Think of viral content as multiple layers of abstraction: Instead of the faces of the dead being amplified, one can only see your support, how virtuous and wonderful you are for sharing this post. The focus becomes the self, as with Open Casket, instead of the fatality. The focus becomes death, instead of life. How does one react to the body being exploited through life into death? I found it insulting that someone would think that I would need a chain letter to signal my support for Black people and the ending of police violence against Black people. The pillar of viral content is that it’s easy to share, and easy to create variations upon. Think of the “Harlem Shake” videos of yesteryear—something entertaining and fun to recreate—but the #BlackLivesMatter chain further dissociates from the issue at hand.

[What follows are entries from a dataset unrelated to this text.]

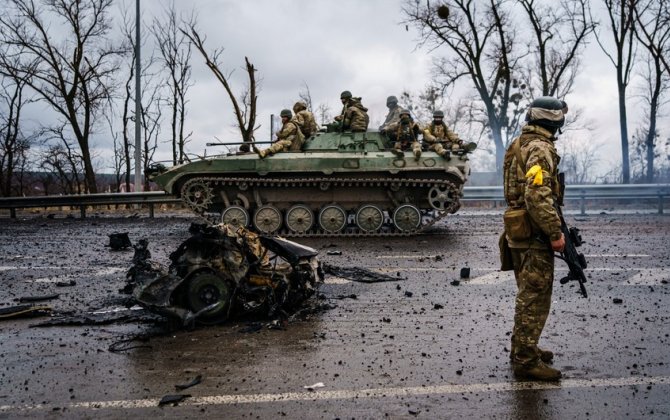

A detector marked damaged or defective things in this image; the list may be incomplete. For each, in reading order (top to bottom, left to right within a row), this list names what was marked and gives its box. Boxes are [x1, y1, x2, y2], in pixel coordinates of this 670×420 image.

burnt car wheel [186, 272, 234, 322]
burned car wreck [128, 223, 326, 328]
charred metal debris [128, 223, 326, 328]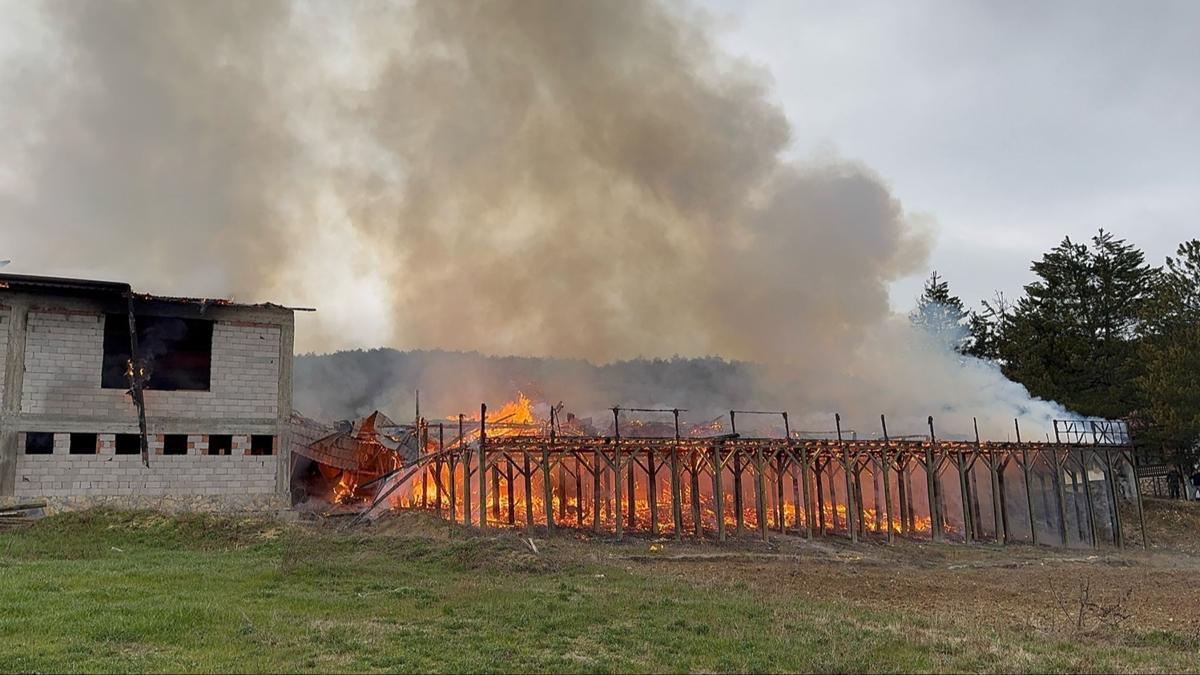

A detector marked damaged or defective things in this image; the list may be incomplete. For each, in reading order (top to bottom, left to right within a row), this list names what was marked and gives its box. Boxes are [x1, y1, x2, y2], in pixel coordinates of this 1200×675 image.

charred timber frame [393, 408, 1142, 550]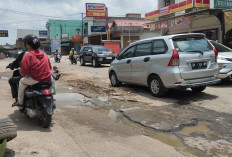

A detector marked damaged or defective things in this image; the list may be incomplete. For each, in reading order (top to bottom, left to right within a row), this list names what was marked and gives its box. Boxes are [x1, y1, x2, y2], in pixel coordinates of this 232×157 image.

damaged road surface [0, 58, 232, 156]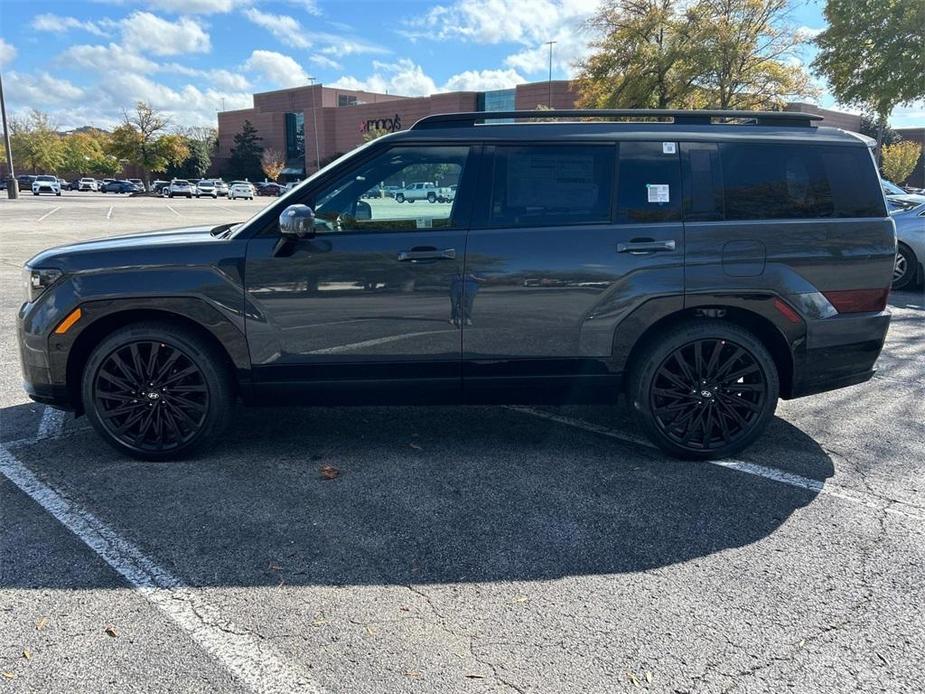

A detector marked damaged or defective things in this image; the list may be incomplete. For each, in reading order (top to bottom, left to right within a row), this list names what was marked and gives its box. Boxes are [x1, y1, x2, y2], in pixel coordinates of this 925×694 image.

cracked pavement [1, 193, 924, 692]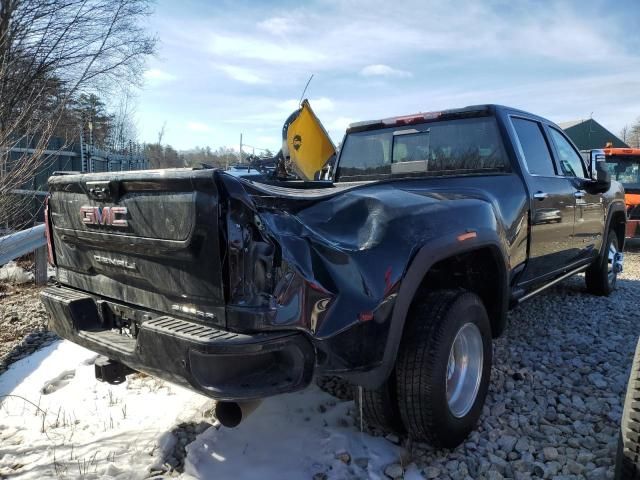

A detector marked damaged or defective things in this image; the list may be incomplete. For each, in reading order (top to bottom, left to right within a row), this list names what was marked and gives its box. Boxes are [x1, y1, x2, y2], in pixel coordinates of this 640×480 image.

damaged gmc truck [38, 103, 624, 448]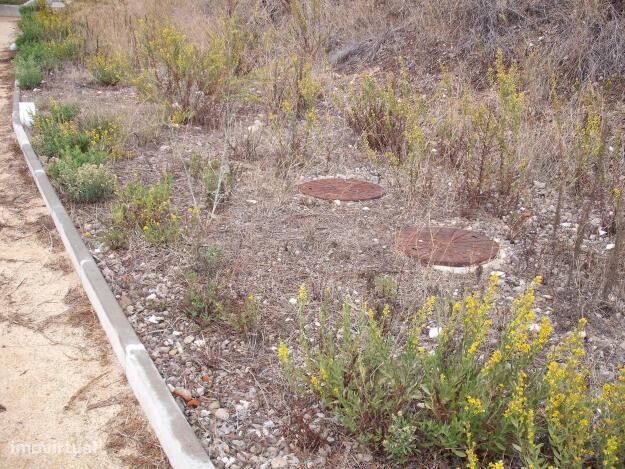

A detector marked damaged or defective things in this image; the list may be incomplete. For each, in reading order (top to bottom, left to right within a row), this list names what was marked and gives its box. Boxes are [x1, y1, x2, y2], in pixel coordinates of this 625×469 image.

rusty manhole cover [298, 178, 382, 200]
rusty manhole cover [398, 227, 500, 266]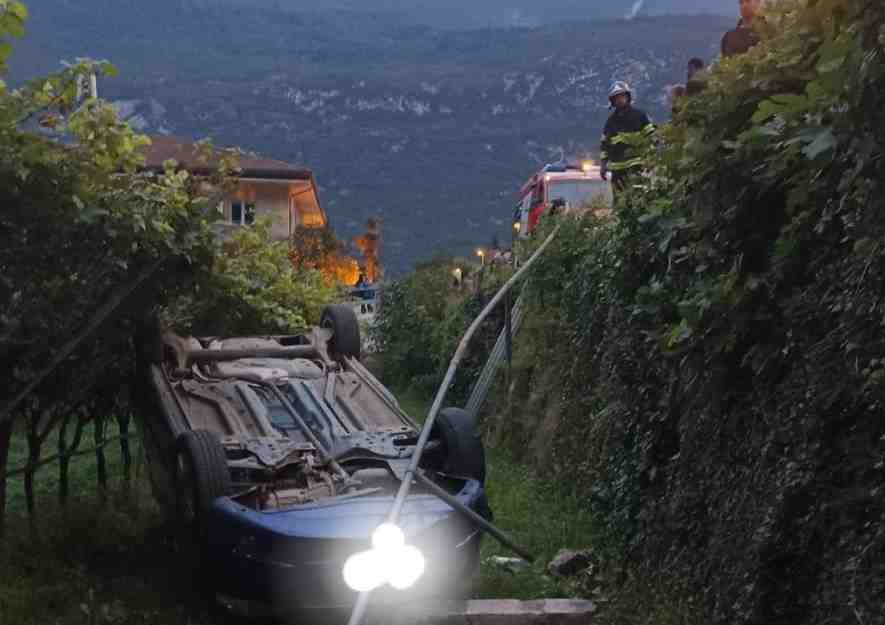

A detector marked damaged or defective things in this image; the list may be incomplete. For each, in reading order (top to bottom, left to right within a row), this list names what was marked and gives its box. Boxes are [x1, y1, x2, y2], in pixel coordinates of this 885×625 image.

We see no way of creating sustainable change and are left merely with a sense of gloating about the number of “good” friends we have. The repetition of the post becomes a compulsion, something needed in order to share one’s goodwill. This compulsion, coupled with the sheer amount of “viral” content available, makes the act even more mundane. Viral content is easy to share and easy to look away from. Till’s body was a spectacle for a different American landscape, one without the technology that we have today, and now, we’re dissociating further and further from the issue. The quality of abstraction and the sheer speed of dissemination that today’s technology allows makes the death nonrepresentational, something depicted that does hold form to many, yet something that neither holds an accurate depiction, nor seeks to.